• DATA BLOCK:
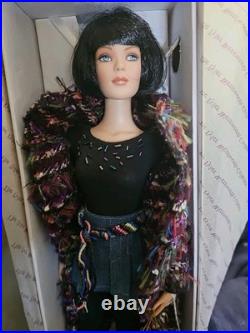 Tonner 16 Tyler Wentworth LOOK OF THE SEASON T7-TWDD-06 MIB NRFB 2007 LE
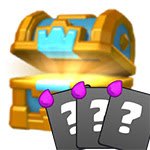 Download Game Clash Royale Chest Simulator – Money Mod Apk gratis 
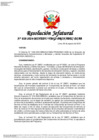 Vista preliminar de documento Resolución Jefatural N° 818-2024-MINEDU-VMGI-PRONABEC-DIAB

• AIM OF THE EXERCISE:
Word for word, retype the material above without its pictures.

• RESULT OF THE EXERCISE:
 Tonner 16 Tyler Wentworth LOOK OF THE SEASON T7-TWDD-06 MIB NRFB 2007 LE
 Download Game Clash Royale Chest Simulator – Money Mod Apk gratis 
 Vista preliminar de documento Resolución Jefatural N° 818-2024-MINEDU-VMGI-PRONABEC-DIAB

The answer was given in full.